We gave two examples here.
Example 1 was a QA person being able to save a data state and run destructive testing and being able to restore to the baseline data state in minutes.
Example 2 was a QA person being able to bookmark a data set the caused a bug and a developer who was able to spin up that application stack and data set in minutes so they could reproduce and investigate the bug.
Jet stream has many more applications.
As a performance person I like to do A/B testing of database. Jet Stream is awesome for that. Jet Stream allows me to create indexes in one copy, drop indexes in another copy, change init.ora parameters in another copy and to be able to switch between these data branches and run comparative performance tests in minutes.

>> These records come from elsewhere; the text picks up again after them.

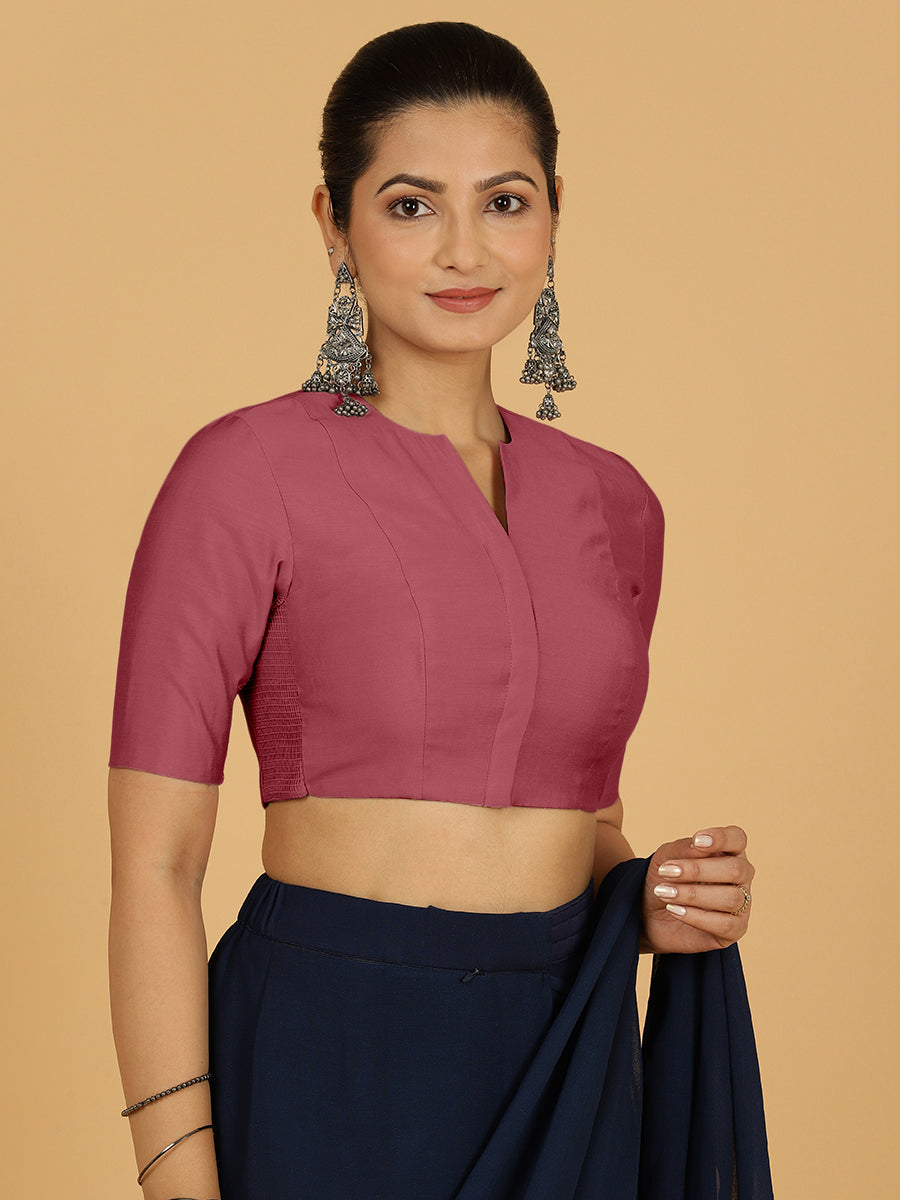 Simar x Rozaana Saree Blouse, in Pink Viscose, featuring elbow sleeves and round neckline, made for daily & work (view 6).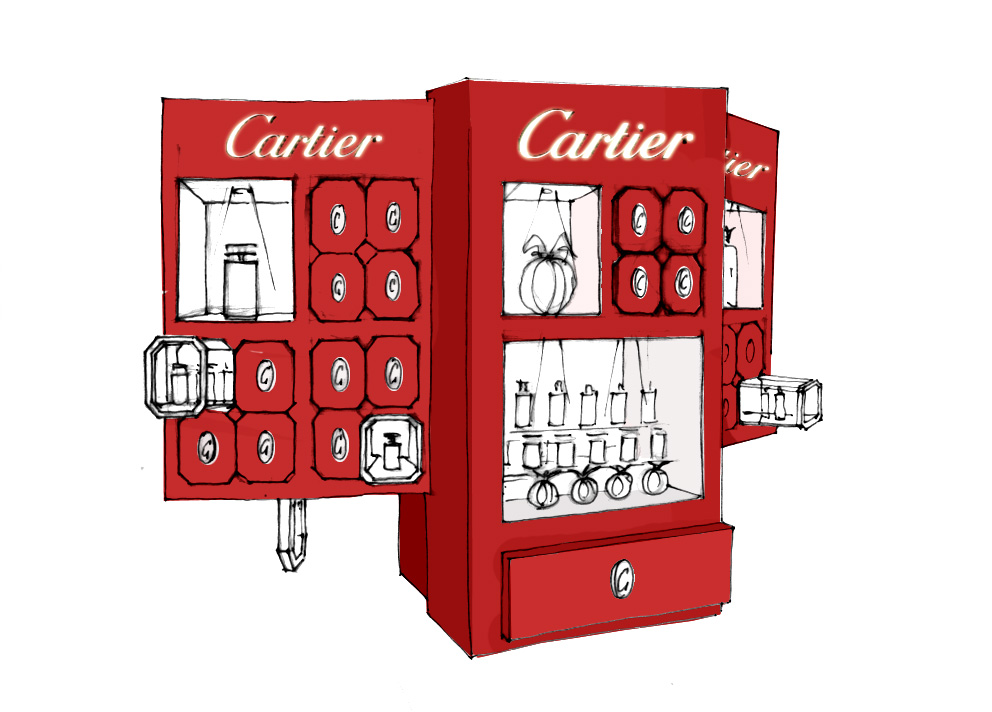 Stand prévu pour les aéroports zone Asie. Conception du mobilier (dessin, plans de fabrication, matériaux). Collaboration avec Clémence Farrell, commande de l’agence Hmm !! Non réalisé. Illustrations : Claude Lecante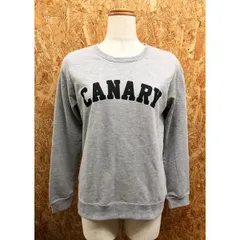 古着 earth music＆ecology 若干薄手 スウェットシャツ 裏毛 トレーナー 英字プリント カットソー 長袖 ポリ×綿 F ヘザーグレー レディース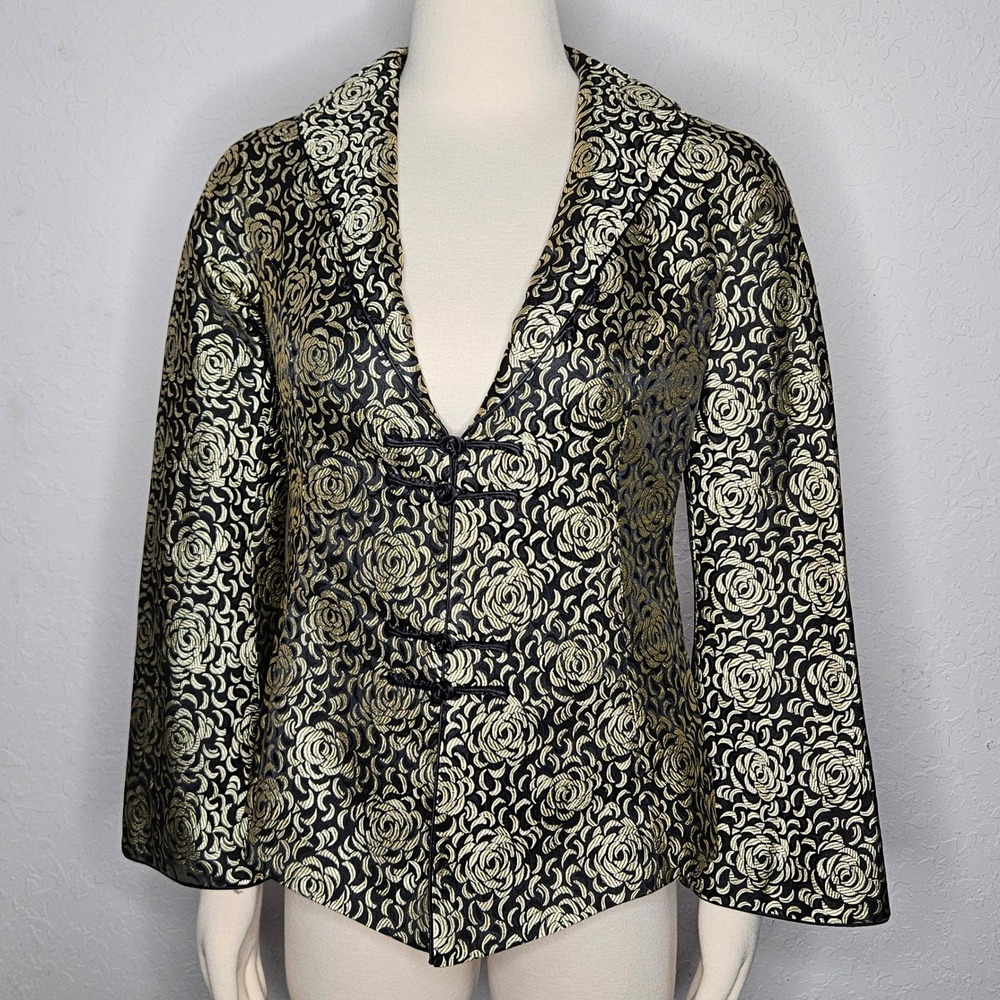 Grace Chuang New York Womens‎ Gold Black Floral Brocade Frog Toggle Blazer M 10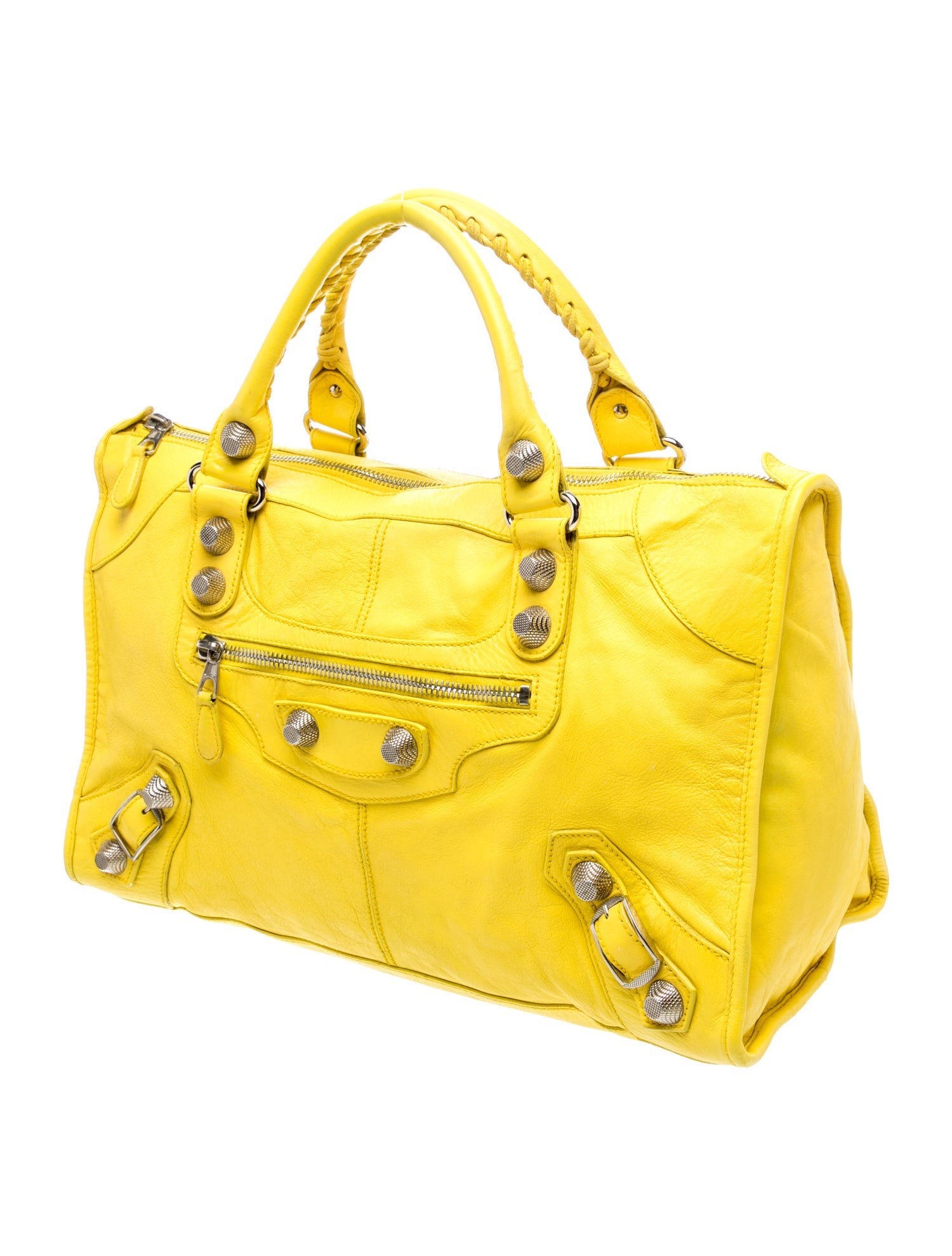 Balenciaga Leather Motocross City Giant - Yellow Handle Bags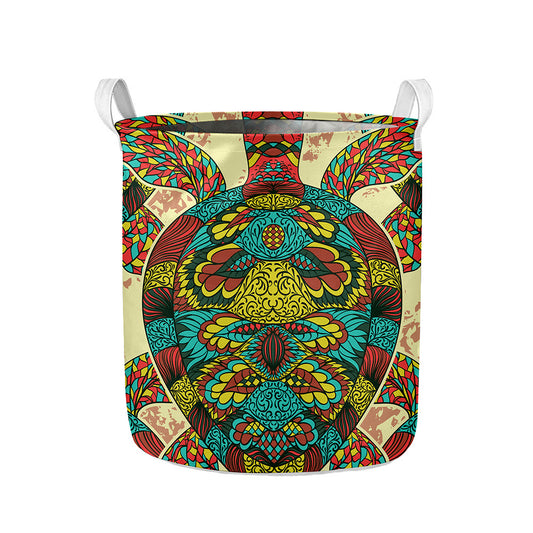 Native Bohemian Sea Turtle Print Collapsible Laundry Basket
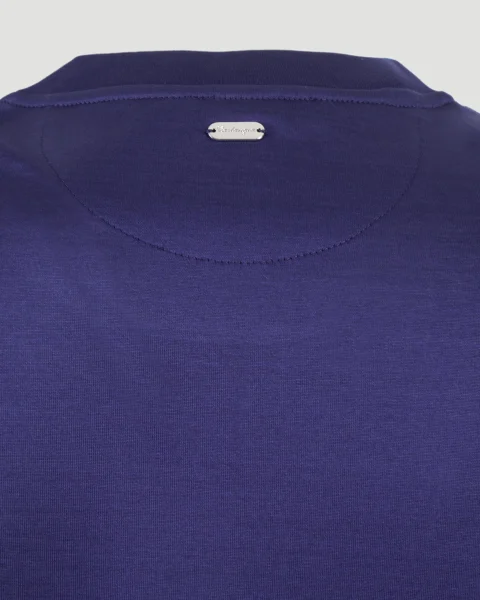 Cotton T-Shirt in Dark Blue — снимка 3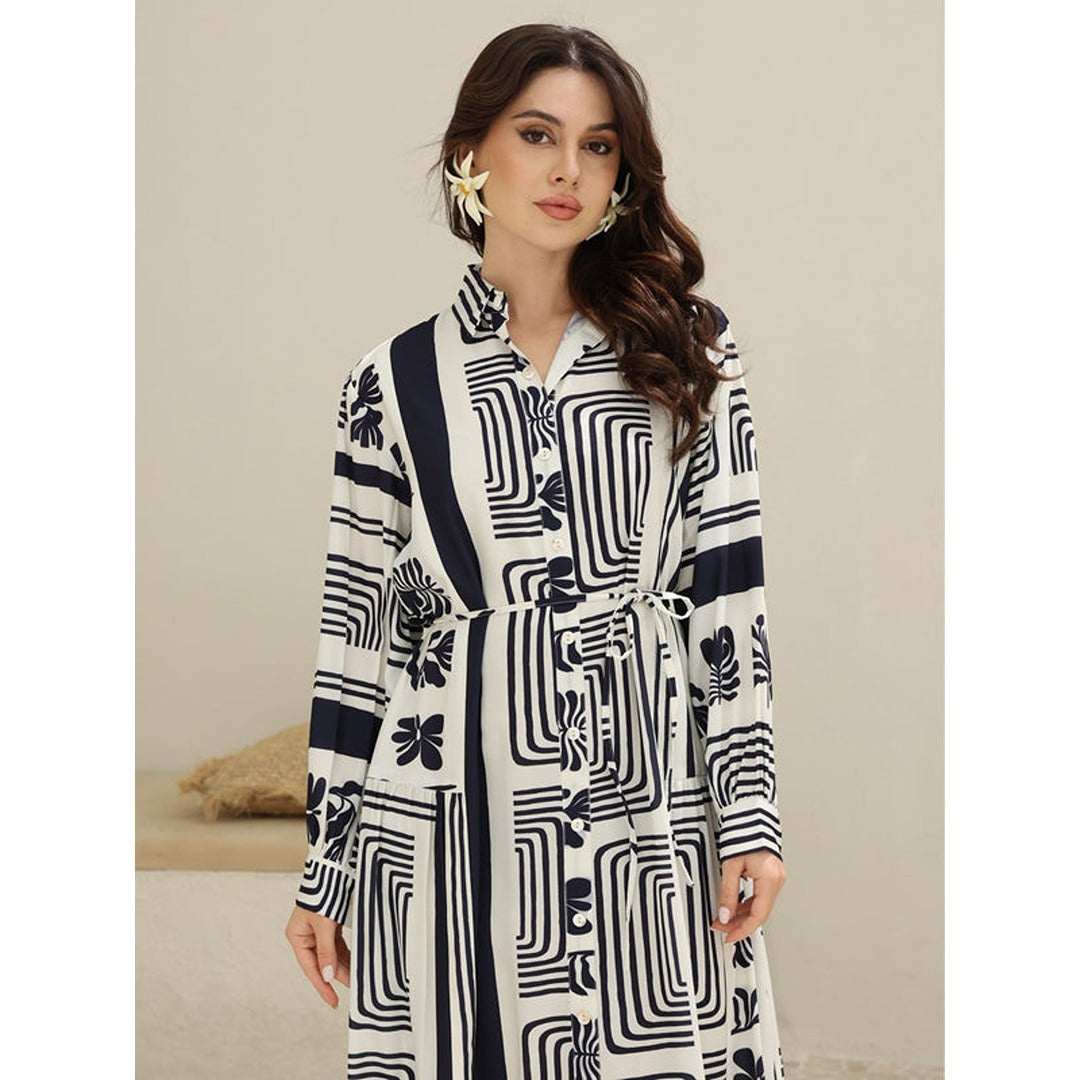 Printed Panel Dress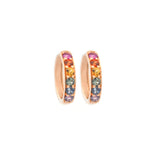 0.60ct Multi Sapphire 14K Gold Huggie Hoop Earrings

Other examples are a developer who could have branches for
Latest full data set from production
Sub-setted data set from production, used for functional testing of new code
Data set for upcoming release, new schema supports new features
Data set imported from a QA users bookmark, used to fix an important bug
or a software architect who could have data branches for
Database for product A, release scheduled for next month
Database for product A, release scheduled 6 months from now
Database for product A, release scheduled for 1 yr from now
Database for product B, successor to product A
Empty database, brainstorming area for blue sky ideas
or a business analyst who has data branches for
Latest financial transaction data
Financial transaction data from last week
Financial transaction data from last quarter
Data as a Service functionality brought to you by Jet Stream and Delphix is changing the data dynamics of companies and accelerating application development as well as financial data analysis.